Neither metric would have told you if the AddTrust certificate was actually being used by your server certificate through some verified chain of certificates, or if it was now completely unnecessary. Blackbox's TLS metrics don't currently provide any way of knowing that, so if you need to monitor the state of your server certificate chains you'll need another tool.
(There's a third party SSL exporter, but I don't think it does much assessment of chain health, or give you enough metrics to know if a server provided chain certificate is unnecessary.)

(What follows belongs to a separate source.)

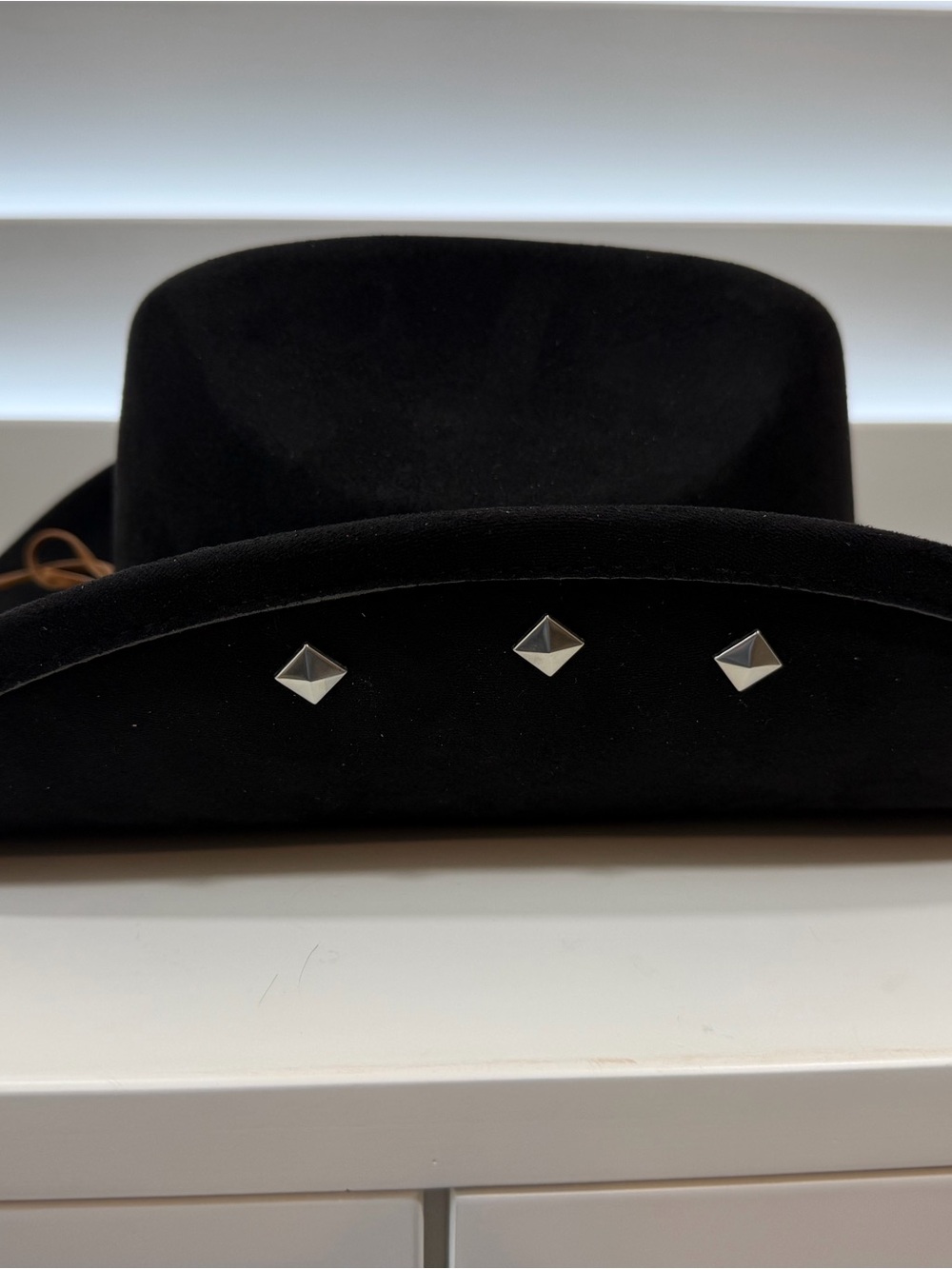 Black Western Hat with Star Concho and Turquoise Accent - Picture 5 of 5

If you weren't serving the AddTrust root certificate and had a verified chain that didn't use it, but some clients required it to verify your server certificate, neither Blackbox metric would have warned you about this. Because you weren't serving the certificate, probe_ssl_earliest_cert_expiry would not have counted down; it includes only TLS certificates you actually serve, not all of the TLS certificates required to verify all of your currently valid certificate chains. And probe_ssl_last_chain_expiry_timestamp_seconds wouldn't have counted down because there was an additional verified chain besides the one that used the AddTrust root certificate.
(In general it's very difficult to know if some client is going to have a problem with your certificate chains, because there are many variables. Including outright programming bugs, which were part of the problem with AddTrust. If you want to be worried, read Ryan Sleevi's Path Building vs Path Verifying: Implementation Showdown.)